Mason Ferlic is poised for excellence.
Leading up to his Olympic debut, Ferlic found himself unsponsored, yet undeterred. “I decided I was going to bet on myself. I knew I was going to make this Olympic team and my value is going to be way more after I’m ‘Mason Ferlic the Olympian,’ rather than ‘Mason Ferlic the Olympic hopeful.’”
And right he was.
Ferlic came away from 2021 with his first Olympic team under his belt and a shiny new sponsorship from Adidas. While his speed on the track is nothing short of impressive, Ferlic’s career off the track drops jaws as well.
An alumnus of the University of Michigan, Ferlic continued his career at the school as a part-time research assistant while he was injured during his first year of professional running. He is now pursuing his doctoral degree at the University of Michigan in Statistics.
“I was living with two friends at the time who were starting their young professional careers. I got injured and would watch them leave at 9am and come back at 5pm and would wonder, “what did I do?”. If my only goal is to produce track results and work out and get fit, it’s pretty hard not to feel like you’re kind of worthless. So I found a research lab on campus and started doing part-time work, and all of a sudden running got better,” says Ferlic.
Ferlic, like an increasing number of professional runners, is of the camp that being a well-rounded individual will not, in fact, destroy your running career.
“There’s a stigma in the sport that if you want to be the best athlete it requires 100 percent dedication. I push back against that,” says Ferlic. “I believe that the last 10 percent is the hardest, but if you’re willing to accept that 90 percent is enough, you can get a lot done with that.”
In the wake of the outbreak of COVID-19 and the cancellation of the 2020 Olympics, Ferlic decided to pursue his PhD in Statistics at the University of Michigan while continuing to train for the 2021 games.
“If you’re a person that enjoys having multiple passions or simultaneous trajectories, they can actually complement each other. I describe it as a pendulum that swings back and forth. In times when I need to really focus on track, that’s where my mind is at and that's the focus. The way our season works, in the fall there aren’t many races on my calendar, so it can take a bit of a back seat and I can focus on school or work,” Ferlic explains.
It’s in this balance, the brief moment the pendulum spends at center, that Ferlic challenges the status quo.
“It’s about taking your mind off the immediacy of training.
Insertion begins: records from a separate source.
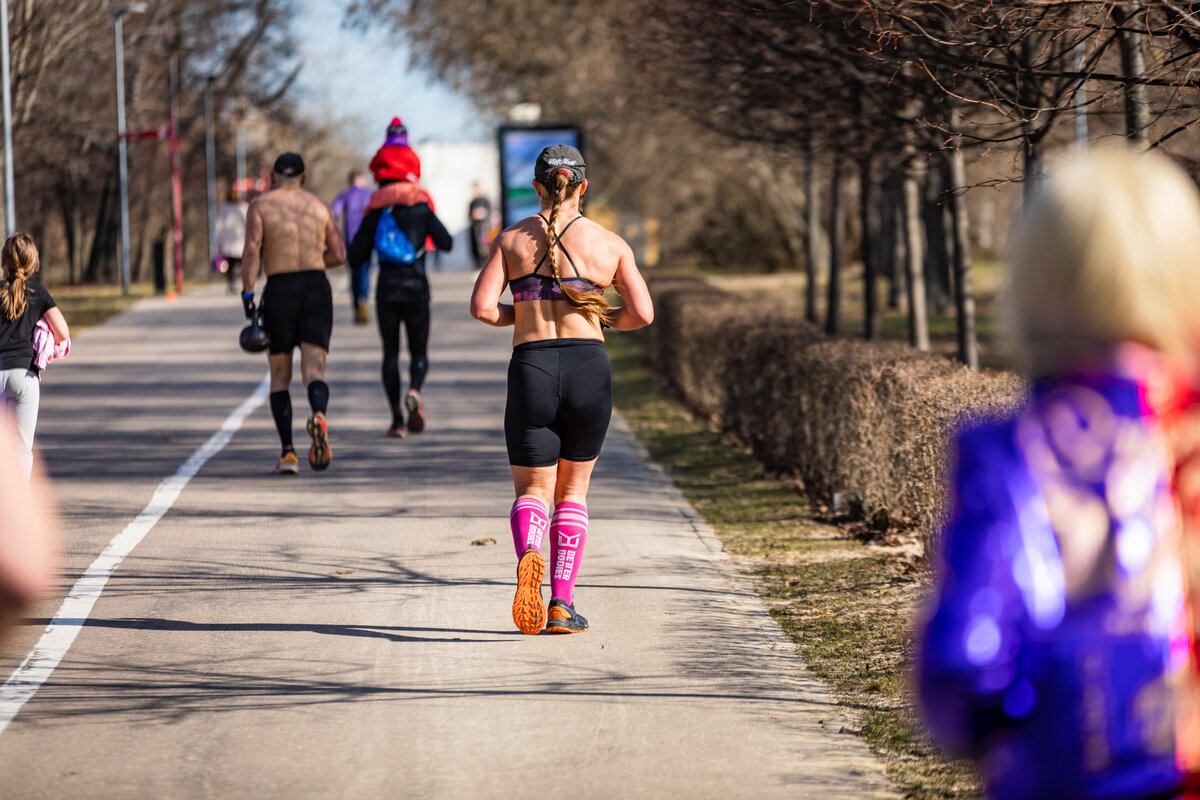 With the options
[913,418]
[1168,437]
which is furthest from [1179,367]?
[913,418]

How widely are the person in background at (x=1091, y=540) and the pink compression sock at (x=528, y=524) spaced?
3.98 metres

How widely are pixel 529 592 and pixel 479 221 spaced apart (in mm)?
28408

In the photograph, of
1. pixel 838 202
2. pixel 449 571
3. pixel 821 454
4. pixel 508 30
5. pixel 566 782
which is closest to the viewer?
pixel 566 782

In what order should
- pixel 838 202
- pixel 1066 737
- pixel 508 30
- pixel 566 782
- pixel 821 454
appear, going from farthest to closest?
pixel 508 30 < pixel 838 202 < pixel 821 454 < pixel 566 782 < pixel 1066 737

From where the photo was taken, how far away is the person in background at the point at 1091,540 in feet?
6.35

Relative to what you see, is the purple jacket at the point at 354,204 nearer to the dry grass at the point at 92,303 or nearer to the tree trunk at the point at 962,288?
the tree trunk at the point at 962,288

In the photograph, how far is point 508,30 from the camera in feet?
88.6

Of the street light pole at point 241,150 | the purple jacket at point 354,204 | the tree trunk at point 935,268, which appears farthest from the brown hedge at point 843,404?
the street light pole at point 241,150

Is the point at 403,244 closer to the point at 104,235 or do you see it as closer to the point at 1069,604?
the point at 1069,604

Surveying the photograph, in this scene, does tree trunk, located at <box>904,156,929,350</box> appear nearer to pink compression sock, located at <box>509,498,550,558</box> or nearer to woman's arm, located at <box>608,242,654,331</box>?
woman's arm, located at <box>608,242,654,331</box>

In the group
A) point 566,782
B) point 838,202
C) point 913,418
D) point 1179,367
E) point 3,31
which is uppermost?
point 3,31

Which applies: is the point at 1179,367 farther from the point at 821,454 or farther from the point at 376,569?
the point at 821,454

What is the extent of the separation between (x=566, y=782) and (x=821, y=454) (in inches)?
205

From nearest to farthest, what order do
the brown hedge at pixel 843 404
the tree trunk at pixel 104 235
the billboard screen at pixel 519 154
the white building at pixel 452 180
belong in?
the brown hedge at pixel 843 404 → the billboard screen at pixel 519 154 → the tree trunk at pixel 104 235 → the white building at pixel 452 180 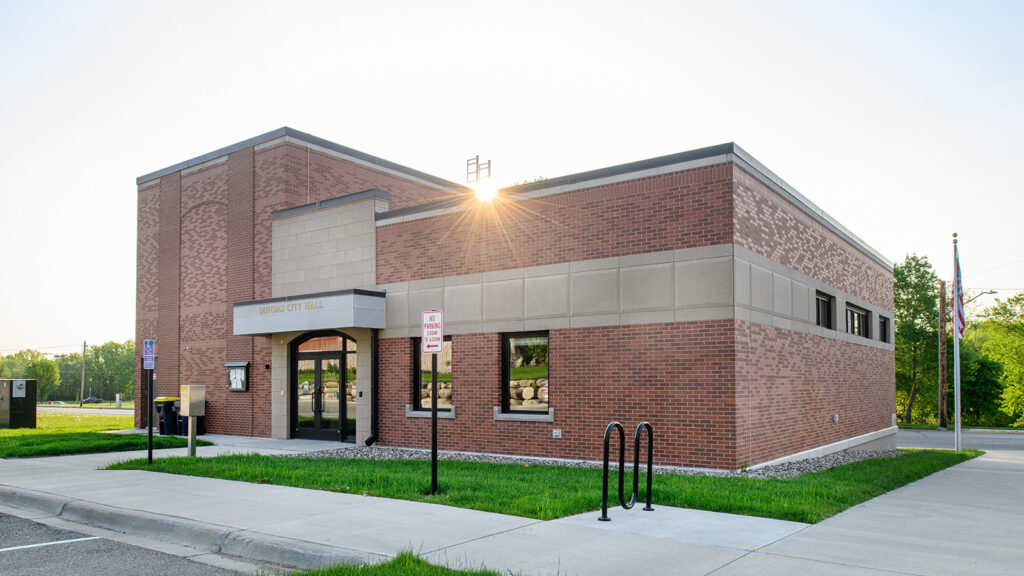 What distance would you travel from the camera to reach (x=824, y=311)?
1898cm

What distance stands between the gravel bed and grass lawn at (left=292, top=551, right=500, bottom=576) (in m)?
7.29

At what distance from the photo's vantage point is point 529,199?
15.8 m

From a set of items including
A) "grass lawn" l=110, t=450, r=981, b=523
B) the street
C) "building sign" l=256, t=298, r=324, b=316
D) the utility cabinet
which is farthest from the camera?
the utility cabinet

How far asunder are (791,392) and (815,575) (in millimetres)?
10096

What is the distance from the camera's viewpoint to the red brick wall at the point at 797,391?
Answer: 13.5 meters

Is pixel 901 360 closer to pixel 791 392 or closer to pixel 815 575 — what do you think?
pixel 791 392

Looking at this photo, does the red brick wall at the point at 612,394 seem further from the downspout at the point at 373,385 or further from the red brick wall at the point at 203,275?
the red brick wall at the point at 203,275

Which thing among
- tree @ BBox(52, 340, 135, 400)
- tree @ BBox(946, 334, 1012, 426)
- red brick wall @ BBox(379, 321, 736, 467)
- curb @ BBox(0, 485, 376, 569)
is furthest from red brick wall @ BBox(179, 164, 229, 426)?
tree @ BBox(52, 340, 135, 400)

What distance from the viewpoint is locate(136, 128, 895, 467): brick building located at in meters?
13.6

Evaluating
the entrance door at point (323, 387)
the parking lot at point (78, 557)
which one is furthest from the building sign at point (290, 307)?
the parking lot at point (78, 557)

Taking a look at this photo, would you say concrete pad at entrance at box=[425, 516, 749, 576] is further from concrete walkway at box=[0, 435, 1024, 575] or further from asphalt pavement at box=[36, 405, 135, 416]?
asphalt pavement at box=[36, 405, 135, 416]

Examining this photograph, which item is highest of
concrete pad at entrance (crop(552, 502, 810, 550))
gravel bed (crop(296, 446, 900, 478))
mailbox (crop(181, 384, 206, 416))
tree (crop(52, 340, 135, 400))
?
mailbox (crop(181, 384, 206, 416))

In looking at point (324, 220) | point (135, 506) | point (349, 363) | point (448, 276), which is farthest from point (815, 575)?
point (324, 220)

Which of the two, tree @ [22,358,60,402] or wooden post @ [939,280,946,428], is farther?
tree @ [22,358,60,402]
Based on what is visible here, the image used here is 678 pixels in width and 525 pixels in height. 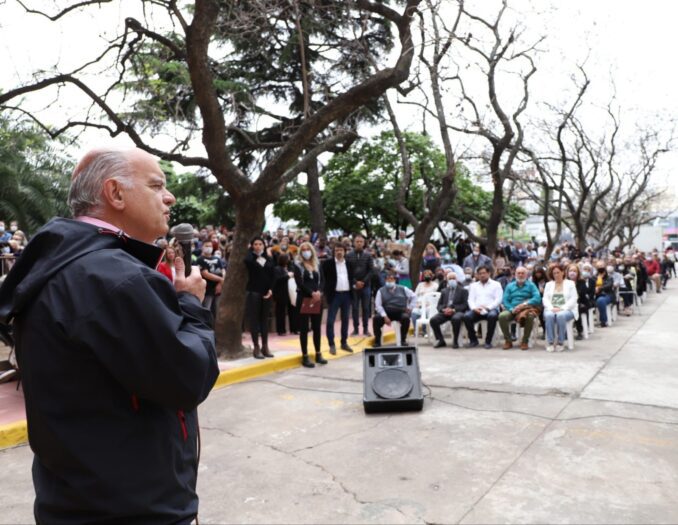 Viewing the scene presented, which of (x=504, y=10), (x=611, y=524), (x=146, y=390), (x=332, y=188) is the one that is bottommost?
(x=611, y=524)

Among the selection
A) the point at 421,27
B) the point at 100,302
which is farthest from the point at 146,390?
the point at 421,27

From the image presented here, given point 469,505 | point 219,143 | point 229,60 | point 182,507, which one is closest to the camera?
point 182,507

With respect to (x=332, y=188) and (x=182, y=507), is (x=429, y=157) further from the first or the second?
(x=182, y=507)

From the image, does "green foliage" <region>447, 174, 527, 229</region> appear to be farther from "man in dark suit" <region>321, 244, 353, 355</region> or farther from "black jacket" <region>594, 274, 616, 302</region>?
"man in dark suit" <region>321, 244, 353, 355</region>

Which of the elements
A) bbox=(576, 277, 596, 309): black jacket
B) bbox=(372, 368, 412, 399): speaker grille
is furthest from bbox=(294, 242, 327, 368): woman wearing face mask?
bbox=(576, 277, 596, 309): black jacket

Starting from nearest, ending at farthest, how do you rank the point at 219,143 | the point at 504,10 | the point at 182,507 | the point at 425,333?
the point at 182,507
the point at 219,143
the point at 425,333
the point at 504,10

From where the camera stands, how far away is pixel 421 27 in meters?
10.4

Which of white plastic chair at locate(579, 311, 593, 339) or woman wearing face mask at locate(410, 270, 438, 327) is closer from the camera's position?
white plastic chair at locate(579, 311, 593, 339)

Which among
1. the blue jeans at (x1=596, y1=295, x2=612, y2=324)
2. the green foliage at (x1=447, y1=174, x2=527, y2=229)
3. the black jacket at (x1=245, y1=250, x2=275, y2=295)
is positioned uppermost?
the green foliage at (x1=447, y1=174, x2=527, y2=229)

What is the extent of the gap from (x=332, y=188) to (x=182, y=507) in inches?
876

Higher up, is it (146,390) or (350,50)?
(350,50)

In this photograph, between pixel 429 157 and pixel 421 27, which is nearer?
pixel 421 27

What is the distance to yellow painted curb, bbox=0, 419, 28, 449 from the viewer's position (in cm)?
537

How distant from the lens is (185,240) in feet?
7.08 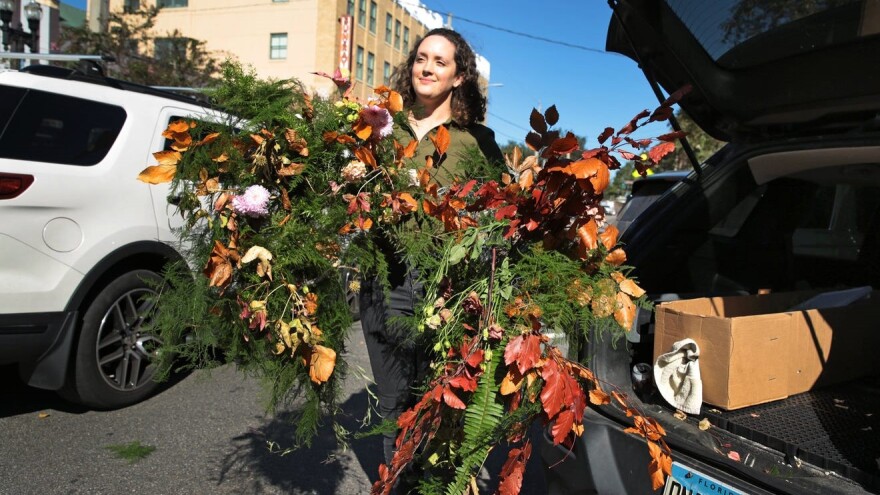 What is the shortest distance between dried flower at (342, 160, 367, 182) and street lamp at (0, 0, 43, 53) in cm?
1047

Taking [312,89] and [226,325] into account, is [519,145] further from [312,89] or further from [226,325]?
[226,325]

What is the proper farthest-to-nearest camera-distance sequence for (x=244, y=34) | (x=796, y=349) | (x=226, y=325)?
1. (x=244, y=34)
2. (x=796, y=349)
3. (x=226, y=325)

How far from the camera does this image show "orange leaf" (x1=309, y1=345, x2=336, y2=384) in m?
1.63

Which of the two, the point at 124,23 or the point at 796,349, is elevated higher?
the point at 124,23

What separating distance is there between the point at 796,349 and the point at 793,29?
122cm

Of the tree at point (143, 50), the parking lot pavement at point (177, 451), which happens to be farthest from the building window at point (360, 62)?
the parking lot pavement at point (177, 451)

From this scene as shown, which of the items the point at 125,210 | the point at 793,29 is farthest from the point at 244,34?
the point at 793,29

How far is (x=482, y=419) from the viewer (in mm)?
1420

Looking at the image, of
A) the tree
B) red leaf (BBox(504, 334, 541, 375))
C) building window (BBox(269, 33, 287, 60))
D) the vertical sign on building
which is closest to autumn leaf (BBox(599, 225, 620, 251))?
red leaf (BBox(504, 334, 541, 375))

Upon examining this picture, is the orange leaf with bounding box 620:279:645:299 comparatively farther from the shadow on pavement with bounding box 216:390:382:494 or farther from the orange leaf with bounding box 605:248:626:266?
the shadow on pavement with bounding box 216:390:382:494

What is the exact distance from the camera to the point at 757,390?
81.4 inches

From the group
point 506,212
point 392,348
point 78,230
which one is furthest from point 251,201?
point 78,230

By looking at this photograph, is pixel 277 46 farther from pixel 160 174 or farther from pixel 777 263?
pixel 160 174

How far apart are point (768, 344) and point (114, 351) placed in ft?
12.2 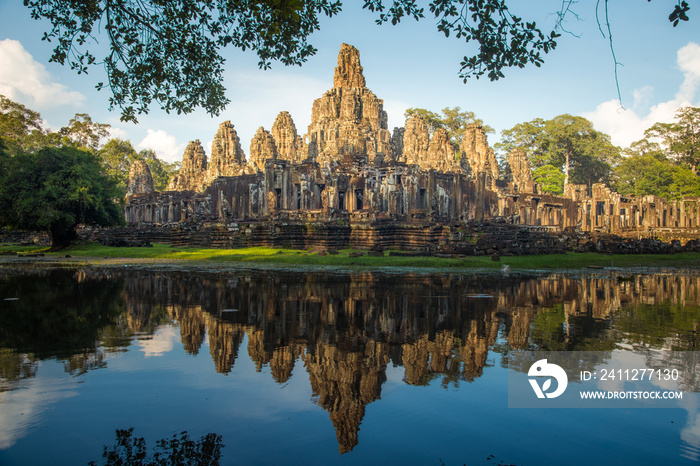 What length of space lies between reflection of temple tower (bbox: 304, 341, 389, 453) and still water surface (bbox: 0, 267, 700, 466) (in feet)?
0.07

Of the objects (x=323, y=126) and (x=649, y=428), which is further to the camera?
(x=323, y=126)

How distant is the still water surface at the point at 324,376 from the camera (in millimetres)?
3617

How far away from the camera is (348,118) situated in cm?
5641

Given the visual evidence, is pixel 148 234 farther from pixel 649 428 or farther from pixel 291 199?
pixel 649 428

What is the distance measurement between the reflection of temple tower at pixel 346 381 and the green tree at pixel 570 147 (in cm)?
7191

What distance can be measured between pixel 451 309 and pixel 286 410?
225 inches

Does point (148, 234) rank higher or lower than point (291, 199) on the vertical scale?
lower

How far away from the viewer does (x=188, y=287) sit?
507 inches

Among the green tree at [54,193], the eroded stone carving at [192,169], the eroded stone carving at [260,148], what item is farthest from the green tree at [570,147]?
the green tree at [54,193]

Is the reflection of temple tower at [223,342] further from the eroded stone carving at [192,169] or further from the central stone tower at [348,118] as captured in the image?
the eroded stone carving at [192,169]

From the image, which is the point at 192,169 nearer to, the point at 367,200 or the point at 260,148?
the point at 260,148

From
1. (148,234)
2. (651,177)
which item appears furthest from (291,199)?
(651,177)

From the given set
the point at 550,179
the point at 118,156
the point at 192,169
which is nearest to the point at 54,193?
the point at 192,169

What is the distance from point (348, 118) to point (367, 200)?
2198 cm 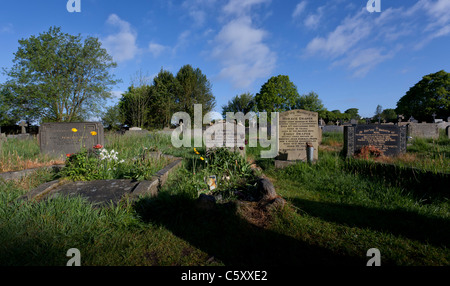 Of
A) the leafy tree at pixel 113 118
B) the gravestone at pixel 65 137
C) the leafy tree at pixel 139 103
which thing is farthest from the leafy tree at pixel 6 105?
the gravestone at pixel 65 137

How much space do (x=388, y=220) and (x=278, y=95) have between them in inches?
1298

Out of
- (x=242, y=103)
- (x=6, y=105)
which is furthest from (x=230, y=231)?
(x=242, y=103)

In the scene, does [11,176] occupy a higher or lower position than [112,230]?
higher

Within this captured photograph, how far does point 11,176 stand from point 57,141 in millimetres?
3476

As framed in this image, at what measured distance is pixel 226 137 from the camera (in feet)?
24.2

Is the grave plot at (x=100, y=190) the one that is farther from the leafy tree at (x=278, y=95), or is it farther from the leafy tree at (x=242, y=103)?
the leafy tree at (x=242, y=103)

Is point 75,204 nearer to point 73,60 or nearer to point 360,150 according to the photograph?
point 360,150

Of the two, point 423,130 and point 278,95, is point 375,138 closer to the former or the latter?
point 423,130

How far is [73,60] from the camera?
18.7 meters

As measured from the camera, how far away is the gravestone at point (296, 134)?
23.9ft

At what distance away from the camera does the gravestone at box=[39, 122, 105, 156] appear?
755cm
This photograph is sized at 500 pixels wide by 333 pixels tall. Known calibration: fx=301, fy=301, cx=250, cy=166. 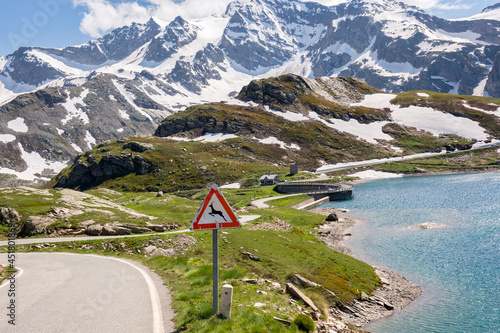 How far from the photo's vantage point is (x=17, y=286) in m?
15.6

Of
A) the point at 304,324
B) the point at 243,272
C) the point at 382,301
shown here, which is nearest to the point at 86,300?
the point at 304,324

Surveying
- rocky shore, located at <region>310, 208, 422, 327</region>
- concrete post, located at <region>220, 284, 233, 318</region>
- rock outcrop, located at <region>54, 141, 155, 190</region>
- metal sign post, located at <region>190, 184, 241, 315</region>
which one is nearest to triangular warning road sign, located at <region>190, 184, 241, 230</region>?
metal sign post, located at <region>190, 184, 241, 315</region>

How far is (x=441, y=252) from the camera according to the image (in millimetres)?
46344

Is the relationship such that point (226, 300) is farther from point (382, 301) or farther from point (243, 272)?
point (382, 301)

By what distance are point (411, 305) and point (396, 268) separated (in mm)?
11746

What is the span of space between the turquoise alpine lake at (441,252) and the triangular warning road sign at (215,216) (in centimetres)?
2039

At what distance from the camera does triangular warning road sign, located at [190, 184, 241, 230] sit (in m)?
11.3

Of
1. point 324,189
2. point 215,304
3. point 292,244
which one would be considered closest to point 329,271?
point 292,244

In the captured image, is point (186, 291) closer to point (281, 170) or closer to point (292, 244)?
point (292, 244)

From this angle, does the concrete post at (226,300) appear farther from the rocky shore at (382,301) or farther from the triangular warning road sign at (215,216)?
the rocky shore at (382,301)

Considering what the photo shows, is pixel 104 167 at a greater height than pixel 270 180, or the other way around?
pixel 104 167

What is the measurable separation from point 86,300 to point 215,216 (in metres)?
7.81

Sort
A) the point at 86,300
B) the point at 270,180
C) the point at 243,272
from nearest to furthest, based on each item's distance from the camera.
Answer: the point at 86,300
the point at 243,272
the point at 270,180

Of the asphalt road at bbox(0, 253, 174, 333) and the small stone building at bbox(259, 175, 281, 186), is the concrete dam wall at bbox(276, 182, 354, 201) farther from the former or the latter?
the asphalt road at bbox(0, 253, 174, 333) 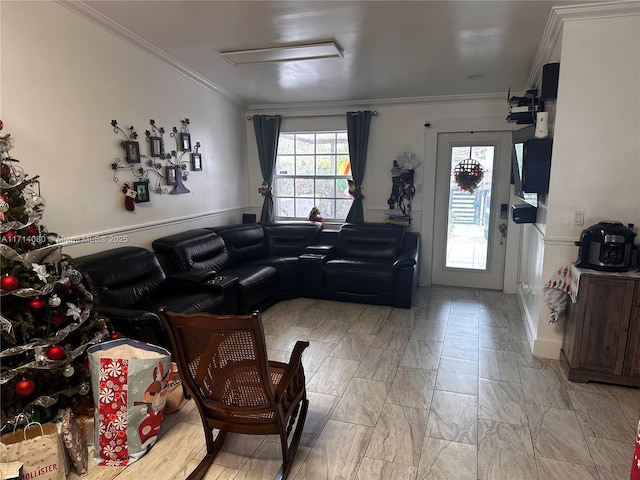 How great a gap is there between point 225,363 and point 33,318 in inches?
41.5

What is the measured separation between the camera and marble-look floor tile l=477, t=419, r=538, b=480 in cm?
200

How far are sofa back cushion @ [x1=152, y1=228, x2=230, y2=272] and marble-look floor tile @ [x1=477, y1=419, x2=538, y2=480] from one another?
2.83m

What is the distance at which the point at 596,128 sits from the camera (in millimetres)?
2834

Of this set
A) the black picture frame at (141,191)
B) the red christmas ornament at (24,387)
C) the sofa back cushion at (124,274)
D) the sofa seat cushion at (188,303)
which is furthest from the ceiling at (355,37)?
the red christmas ornament at (24,387)

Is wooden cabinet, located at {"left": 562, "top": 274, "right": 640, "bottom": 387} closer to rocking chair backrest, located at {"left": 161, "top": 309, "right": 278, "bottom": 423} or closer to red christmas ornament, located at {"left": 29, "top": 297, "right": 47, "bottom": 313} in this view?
rocking chair backrest, located at {"left": 161, "top": 309, "right": 278, "bottom": 423}

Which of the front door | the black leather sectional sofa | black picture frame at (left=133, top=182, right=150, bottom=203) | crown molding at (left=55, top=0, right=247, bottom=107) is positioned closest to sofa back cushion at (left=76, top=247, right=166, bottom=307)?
the black leather sectional sofa

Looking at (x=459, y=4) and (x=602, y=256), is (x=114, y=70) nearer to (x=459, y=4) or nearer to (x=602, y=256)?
(x=459, y=4)

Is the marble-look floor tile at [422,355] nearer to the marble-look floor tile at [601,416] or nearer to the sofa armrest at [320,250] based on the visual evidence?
the marble-look floor tile at [601,416]

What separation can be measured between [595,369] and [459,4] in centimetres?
267

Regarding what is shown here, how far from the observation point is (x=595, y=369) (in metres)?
2.80

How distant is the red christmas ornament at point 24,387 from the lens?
1932mm

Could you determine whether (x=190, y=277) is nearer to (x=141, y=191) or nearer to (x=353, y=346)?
(x=141, y=191)

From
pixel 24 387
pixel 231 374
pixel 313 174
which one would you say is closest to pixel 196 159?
pixel 313 174

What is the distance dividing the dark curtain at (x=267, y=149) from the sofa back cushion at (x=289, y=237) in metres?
0.48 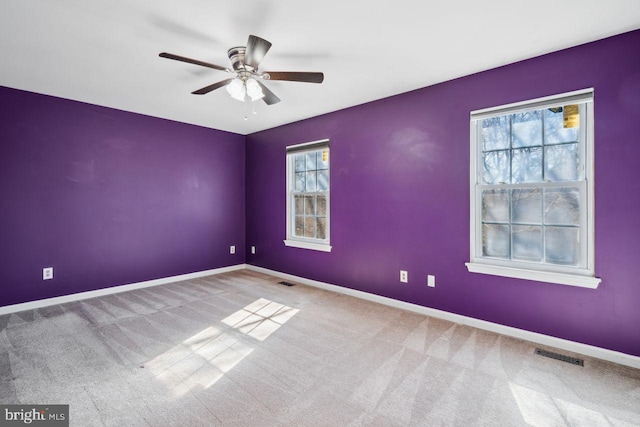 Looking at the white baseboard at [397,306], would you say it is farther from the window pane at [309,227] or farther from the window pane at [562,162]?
the window pane at [562,162]

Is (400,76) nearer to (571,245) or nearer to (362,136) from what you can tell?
(362,136)

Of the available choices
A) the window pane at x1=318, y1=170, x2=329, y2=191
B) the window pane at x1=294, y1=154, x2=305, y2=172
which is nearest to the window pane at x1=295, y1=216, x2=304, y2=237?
the window pane at x1=318, y1=170, x2=329, y2=191

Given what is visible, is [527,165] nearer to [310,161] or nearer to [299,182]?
[310,161]

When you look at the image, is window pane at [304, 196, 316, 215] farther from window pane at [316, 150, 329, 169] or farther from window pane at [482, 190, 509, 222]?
window pane at [482, 190, 509, 222]

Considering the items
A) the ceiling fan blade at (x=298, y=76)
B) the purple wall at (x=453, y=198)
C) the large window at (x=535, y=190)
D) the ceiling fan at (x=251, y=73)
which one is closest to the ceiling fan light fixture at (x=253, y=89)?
the ceiling fan at (x=251, y=73)

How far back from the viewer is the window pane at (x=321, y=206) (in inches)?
172

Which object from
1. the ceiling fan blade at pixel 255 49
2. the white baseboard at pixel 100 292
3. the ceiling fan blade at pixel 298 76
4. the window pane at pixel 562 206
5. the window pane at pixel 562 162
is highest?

It’s a long process and rushing it doesn’t accomplish anything. The best thing you can do is have a distraction outside of it and let the training and fitness come to you and not try to be overly prepared,” Ferlic quips.
The pendulum swung, and the fitness certainly came. Ferlic ran personal bests in the 1500m (3:35.45), the one mile (3:58.05), the 5K (13:24.94), and his specialty, the 3000m steeplechase (8:18.49) all in the spring of 2021.
“I came out of 2020 being sneaky fit because I wasn’t thinking too much about it but was still getting the work done. The academic calendar ended in April so I had about two month of dedicated time to set up for the Olympic trials.”
How does one even begin to balance doctoral study and Olympic-level training? During the off-season in the fall, Ferlic’s pendulum swings into laser-focused study.
“It’s tough. It’s not easy. That’s the answer,” says Ferlic. “My day is going on a run from 9am to 11am, do 16 miles, shovel down some pancakes, then hop on the laptop and work from 12pm to 10pm.”
Thankfully, this is Ferlic’s last semester of coursework as he’ll welcome a semester of research this spring, allowing him more time to focus on his next goal – qualifying for the World Championships.
“Knowing I can get in the same type of shape as at the Olympics, I can still have those big goals to make the finals for Worlds and to run fast,” says Ferlic. “So much of the preparation for the Olympics was focused on placing to make the team. [For Worlds] I can take some risks and see how fast I can run.”
Reaching for lofty goals is always easier in good company, and Ferlic has plenty.
“I’m leaning into this Adidas group we have in Ann Arbor,” says Ferlic of the Very Nice Track Club, made up of Ferlic, Hobbs Kessler, Nick Willis, and many others.
[You can follow along with the guys at their YouTube channel:
As Ferlic looks to the World Athletics Championships in July, he reflects on what keeps him motivated.
“Making an Olympic team and knowing the process going into it and knowing I’m one of the best steeplers in the country, that makes me hungry. Let’s do it again, and do it better,” says Ferlic.
And so again the pendulum swings, Ferlic finds his balance, and prepares to reach for excellence again.